There is so much small business owners need to know to operate at peak performance. Luckily we live in the Information Age with plentiful resources. To help you sift through some of the data, every week we’re going to look at three business books small business owners should read and the lessons you can learn from reading them.
By Charlie Guo
Author Charlie Guo, an entrepreneur (he’s founded two companies) and software engineer, has written a book straight out of the startup world of Silicon Valley.
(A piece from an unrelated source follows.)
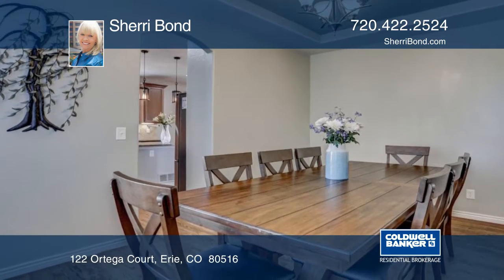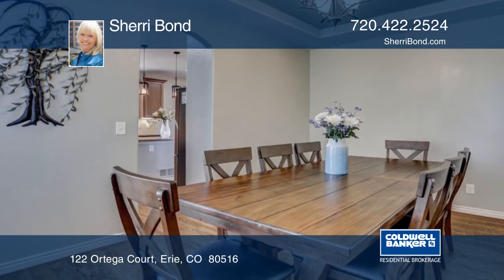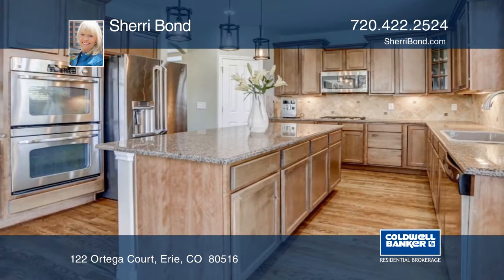The beautiful home has brand new hardwood floors and whole house fan. This home boasts five bedrooms, plus a main floor study and five baths.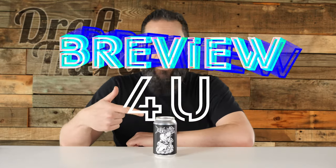Hey friends, Sean from Draft Therapy here, and on today's review for you — please hammer, don't hurt him.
Guo was inspired to write this book of triumph and failure by an essay by Paul Graham, Do Things That Don’t Scale, and the failure of his second startup in the prestigious Y Combinator accelerator.
Guo decided to bring to light other stories of failures and unlikely successes in Silicon Valley and in this book, he interviews many of the key players behind them.
There’s a ton of truly valuable advice in this book, which could have been subtitled, “Out of the Mouths of Entrepreneurs.” For example, Tony Xu, cofounder of DoorDash, told Guo, “It was very important that we, the founders, were the first to do every job…Because it’s very hard to hire somebody…if you don’t really understand the job yourself.” You don’t have to be a tech entrepreneur to find value here.
The Productivity Project: Accomplishing More by Managing Your Time, Attention, and Energy ($26)
By Chris Bailey
I’m a sucker for productivity books, ones that promise (indirectly) I’ll get to sleep for more than 5 hours a night. Chris Bailey, a productivity expert, spent one year immersing himself in a series of productivity experiments, such as getting little or no sleep for weeks, eliminating sugar and caffeine from his diet, and working a 90-hour week.
These experiments led to some best practices, such as sleeping your way to productivity and understanding when you need to empty your brain.
Bailey came up with some interesting (and often counterintuitive) solutions, such as: strive for imperfection, schedule less time for important tasks and become a productive procrastinator.
This is a very readable book—each chapter starts with a “takeaway” and an estimation of how long it will take you to read it. Each one is well worth the few minutes of your day it will consume.
Bootstrap Selling the Sandler Way: Or: How to Own Your Career and Make It Flourish ($19.95)
Author Bill Morrison spent more than two decades in sales leadership roles before opening a Sandler Training office in Switzerland. From this expert perspective, he believes bootstrap selling “is grounded in the concept that all sales are entrepreneurial in nature.”
The successful Sandler training methods are at the core of this book. Understanding the “Sandler Success Triangle” (technique, behavior and attitude) is key—it says that while technique is important, it’s really just a tool to use to “achieve changes in behavior, which in turn leads to a new attitude.”
Morrison offers lots of good advice. He says, “At least once [in every sales process], stop and ask yourself if the deal makes sense.” He also believes the “sales process is filled with detours and booby traps erected by the customer in an effort to level the playing field.” Reading this book will help guide you through the rough road of sales and put you on solid ground.